Remnants of the Army frontier post of Fort Griffin (today a National Park site in Shackelford County, Texas). Source: Library of Congress.
Over the last 150 years, as the nation turned into a global superpower with a large, professional Army, the dynamic of the outpost continued. Paradoxically, even as the Army shifted to a permanent force with a smaller number of large installations designed to exist in perpetuity, military bases and military communities still exist as outposts. Surface-level connections are more abundant–soldiers and their families can live off-post in many instances, for example–but the lived experience of soldiers and their families has grown even more differentiated from their civilian counterparts in many ways. Within the military, one finds a world of structure, traditions, and hardships, a space where it is necessary to subsume the individual and family in service to the greater institution, and a community that offers forms of love, support, and connectedness with few parallels in civilian life. This stands in sharp contrast to much of American life, which has grown more individualized and atomized in recent decades.

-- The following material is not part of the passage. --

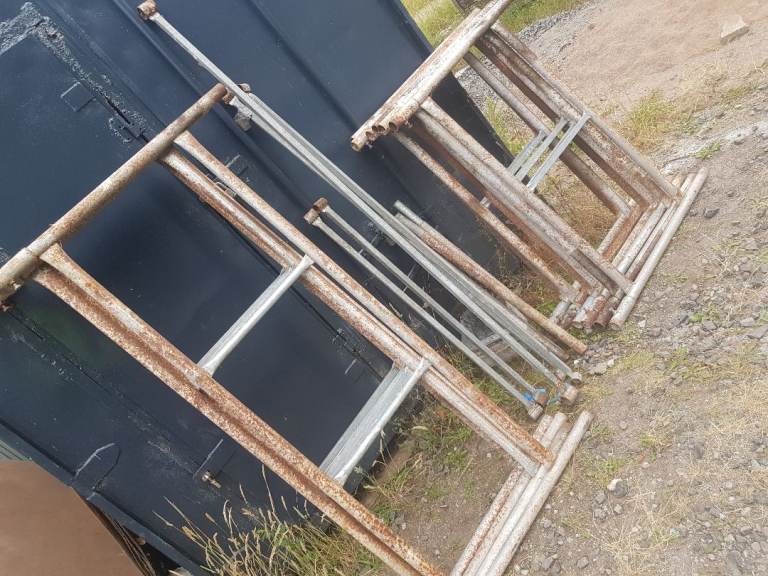 Tower  scaffold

As a consequence, Americans need guides, navigators to help them make sense of these contrasting realities and close the distance between the military and civilian worlds. In modern times, few have been so adept at this as Siobhan Fallon. A writer and storyteller, Siobhan’s first novel, You Know When the Men Are Gone, tells a series of stories about soldiers and military families at Fort Hood, Texas during the War on Terror. Published in 2012, the stories are set not in Baghdad or Kabul, but in Killeen,Texas, at the Post Exchange (PX), and in the housing shared by military families. Although war is a constant presence and three of the stories center on soldiers, in most cases the main characters are military wives. Informed by her own experience–Siobhan’s husband is a career Army officer and they were stationed at Fort Hood during the Surge years of the Iraq war–You Know When the Men Are Gone lets the reader live, so to speak, as part of a military community and see what this life is like.

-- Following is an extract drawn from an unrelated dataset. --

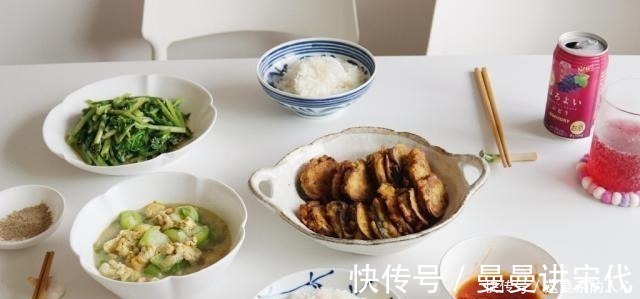 营养|晒一晒我家一周晚餐，30分钟准能上桌，营养又健康，家人都喜欢！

Siobhan Fallon. Source: Author’s Photo.
Source: Author’s Photo.
Her second novel, The Confusion of Languages, achieves similar effect, but here we journey into life as part of an American Embassy mission. The main characters are women married to Army soldiers serving in the U.S. Embassy in Jordan. Again drawing on personal insight–she and her husband were part of an Embassy mission in the Middle East–Siobhan brings to life the parts of an Embassy that spy and war movies never show, and draws out the tensions and solidarity found within a community that exists as an outpost in a foreign land.
Source: Author’s Photo.
Her novels never diminish the differences between the Army and civilian words, but enables us to feel the resonance that exists between them. Her stories tell us that as much as a military base, or an Embassy, exists as an outpost, we can all still see part of our own story within the experiences of those on the other side of the gate.

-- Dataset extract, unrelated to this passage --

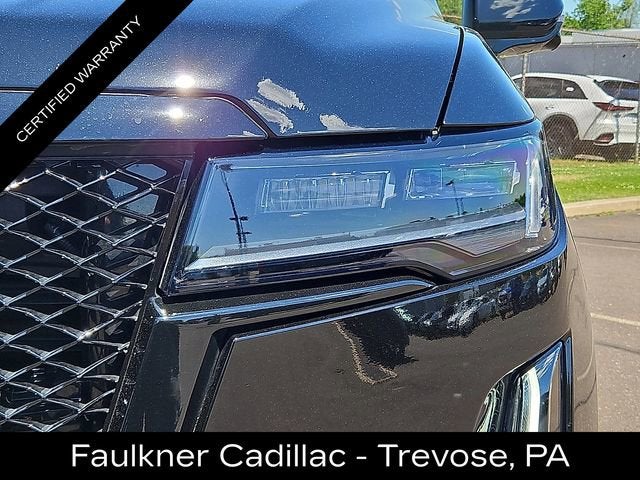 2024 Cadillac Escalade ESV Sport Platinum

Siobhan graciously agreed to be interviewed for Army 250. What follows is a lightly-edited version of our e-mail correspondence.
It seems like writing has always been a significant part of your life, but can you please share some of the background and context for your first book? When did you realize you wanted to write a book? And when did you know that book was going to be what eventually became You Know When the Men Are Gone?
I have always loved to read fiction, I have always loved to write fiction, so I naturally imagined writing would play a big role in my life. However, I did not expect the Army to play an even larger role!
I had just finished my Masters of Fine Arts in Creative Writing at the New School in New York City when I met my husband in 2000. We dated long-distance through his Infantry Officer Basic course and Ranger school. He was finishing his last few days of Ranger School when America was attacked on September 11, 2001. The Army experience radically changed at that moment for both the soldier and family members. He had trained for possible future conflict, and suddenly that war was now.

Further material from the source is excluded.